Targeted cancer therapies refer to drugs or other agents that block the growth and/or spread of cancer by interfering with specific molecules in the tumor cells known to be important for cancer progression. Scientists often call these molecules “molecular targets” so targeted cancer therapies are sometimes referred to as “molecularly targeted drugs,” “molecularly targeted therapies,” or other similar names. Since targeted therapies act on molecules specific to cancer cells, they hold the promise to be more effective than other types of treatment, including chemotherapy and radiation therapy, with potentially less toxicities. In some cases, targeted therapies can be combined with existing treatments in order to improve the efficacy.

How do targeted cancer therapies work?

Targeted cancer therapies interfere with cancer cell division (multiplication) and spread to other organs (metastasis) in different ways. Many of targeted therapies focus on proteins involved in signaling pathways, which form a complex communication system that cells use to control basic cellular functions such as cell division, cell movement or how a cell responds to specific external stimuli. Since targeted therapies are designed to block signals that tell cancer cells to grow and multiply, these therapies help stop cancer progression and may cause killing of cancer cells through a process known as apoptosis. Other targeted therapies can cause cancer cell death directly, by specifically inducing the process of apoptosis, or indirectly, by stimulating the immune system to recognize and destroy cancer cells and/or by delivering toxic substances to them.

Once a molecular target has been identified by scientists, a therapy must be developed. Most targeted therapies are either small molecule drugs or monoclonal antibodies. Small molecule drugs are typically able to diffuse into cells and can act on targets that are found inside the cell. Most monoclonal antibodies usually cannot diffuse into the cells and are directed against targets located on the outside cell surface. Candidates for small-molecule drugs are usually identified in studies known as drug screens - laboratory tests that look at the effects of thousands of test compounds on a specific molecular target. The best candidates are then chemically modified to produce numerous versions, each of which is tested to identify the most effective and specific drug(s) - called lead compound(s). The lead compound is then tested in laboratory animals for safety and any signs of efficacy, and once these tests are satisfactorily completed, the lead compound becomes available for a clinical trial in client-owned pets with the disease of interest. If the drug shows efficacy in these client-owned pets and has an acceptable safety profile, the drug's safety and efficacy data is submitted for a review by government regulatory agencies that oversee the development of drugs for veterinary medicine. Once approved, the drug becomes commercially available. 

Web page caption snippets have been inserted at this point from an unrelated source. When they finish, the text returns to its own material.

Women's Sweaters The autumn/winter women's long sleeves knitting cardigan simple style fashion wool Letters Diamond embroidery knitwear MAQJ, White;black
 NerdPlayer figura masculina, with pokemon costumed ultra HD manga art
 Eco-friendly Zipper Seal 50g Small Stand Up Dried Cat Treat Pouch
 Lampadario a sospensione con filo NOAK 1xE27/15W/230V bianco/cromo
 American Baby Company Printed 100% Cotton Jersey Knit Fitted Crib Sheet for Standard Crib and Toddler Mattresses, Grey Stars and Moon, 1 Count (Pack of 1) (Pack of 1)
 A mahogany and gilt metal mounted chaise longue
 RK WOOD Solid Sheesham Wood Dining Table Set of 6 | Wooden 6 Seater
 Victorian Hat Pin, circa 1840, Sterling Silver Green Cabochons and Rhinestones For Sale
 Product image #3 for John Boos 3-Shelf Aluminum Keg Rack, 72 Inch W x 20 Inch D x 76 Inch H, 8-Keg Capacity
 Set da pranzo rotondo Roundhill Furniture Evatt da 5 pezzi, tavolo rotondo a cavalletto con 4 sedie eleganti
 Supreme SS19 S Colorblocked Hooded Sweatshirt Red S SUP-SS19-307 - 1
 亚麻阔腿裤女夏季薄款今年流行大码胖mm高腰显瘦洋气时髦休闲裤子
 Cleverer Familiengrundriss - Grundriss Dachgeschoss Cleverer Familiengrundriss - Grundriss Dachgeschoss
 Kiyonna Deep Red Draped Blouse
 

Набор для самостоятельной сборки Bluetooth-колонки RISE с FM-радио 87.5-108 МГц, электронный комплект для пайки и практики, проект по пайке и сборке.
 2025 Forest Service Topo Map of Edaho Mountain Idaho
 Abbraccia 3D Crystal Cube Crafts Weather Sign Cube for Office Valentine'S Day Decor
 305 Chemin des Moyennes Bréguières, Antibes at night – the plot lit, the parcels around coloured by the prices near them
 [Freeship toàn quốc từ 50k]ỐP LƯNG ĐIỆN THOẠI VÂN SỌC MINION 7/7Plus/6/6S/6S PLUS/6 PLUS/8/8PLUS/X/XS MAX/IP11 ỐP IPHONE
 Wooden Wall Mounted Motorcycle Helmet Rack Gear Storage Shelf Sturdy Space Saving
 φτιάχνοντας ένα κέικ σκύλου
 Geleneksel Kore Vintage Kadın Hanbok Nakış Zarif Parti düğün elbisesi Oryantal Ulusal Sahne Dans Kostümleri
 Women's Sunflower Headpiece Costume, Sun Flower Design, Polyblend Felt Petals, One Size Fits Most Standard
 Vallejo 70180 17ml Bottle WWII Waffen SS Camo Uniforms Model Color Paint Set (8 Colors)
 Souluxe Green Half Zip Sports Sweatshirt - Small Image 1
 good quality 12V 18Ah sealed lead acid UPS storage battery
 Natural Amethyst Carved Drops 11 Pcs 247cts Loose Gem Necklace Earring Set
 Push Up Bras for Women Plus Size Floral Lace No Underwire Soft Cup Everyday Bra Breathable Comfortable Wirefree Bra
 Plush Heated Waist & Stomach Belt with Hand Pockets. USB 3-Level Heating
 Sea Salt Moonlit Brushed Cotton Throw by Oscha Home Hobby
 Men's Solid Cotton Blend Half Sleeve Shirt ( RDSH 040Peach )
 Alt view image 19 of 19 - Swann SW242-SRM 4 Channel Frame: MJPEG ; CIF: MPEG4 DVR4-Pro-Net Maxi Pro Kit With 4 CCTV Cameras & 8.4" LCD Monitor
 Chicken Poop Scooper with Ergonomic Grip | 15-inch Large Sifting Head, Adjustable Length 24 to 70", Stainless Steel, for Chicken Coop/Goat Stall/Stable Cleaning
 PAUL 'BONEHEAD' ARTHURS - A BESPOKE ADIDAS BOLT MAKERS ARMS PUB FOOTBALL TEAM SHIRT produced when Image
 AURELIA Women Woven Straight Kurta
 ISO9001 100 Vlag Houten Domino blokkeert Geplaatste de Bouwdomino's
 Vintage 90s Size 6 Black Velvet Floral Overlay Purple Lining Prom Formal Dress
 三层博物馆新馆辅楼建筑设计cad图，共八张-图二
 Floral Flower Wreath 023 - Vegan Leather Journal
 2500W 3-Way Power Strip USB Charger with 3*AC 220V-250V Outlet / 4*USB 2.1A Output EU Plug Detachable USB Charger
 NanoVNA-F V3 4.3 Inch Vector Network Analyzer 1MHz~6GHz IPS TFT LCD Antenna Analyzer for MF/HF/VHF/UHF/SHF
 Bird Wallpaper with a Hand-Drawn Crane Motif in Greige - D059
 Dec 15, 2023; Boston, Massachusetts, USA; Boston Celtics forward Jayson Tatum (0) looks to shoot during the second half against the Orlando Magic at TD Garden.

What targeted therapies are currently approved in cats and dogs with cancer?

In the United States, two targeted cancer therapies are currently approved for mast cell tumors in dogs. Palladia (toceranib, Pfizer Animal Health) is currently approved for Grade II/III cutaneous (skin) mast cell tumors in dogs; and Kinavet (masitinib, AB Science) has been recently approved as treatment for recurrent or non-resectable (tumors that cannot be surgically removed) Grade II and Grade III cutaneous mast cell tumors in dogs that have not previously received radiotherapy and/or chemotherapy except corticosteroids.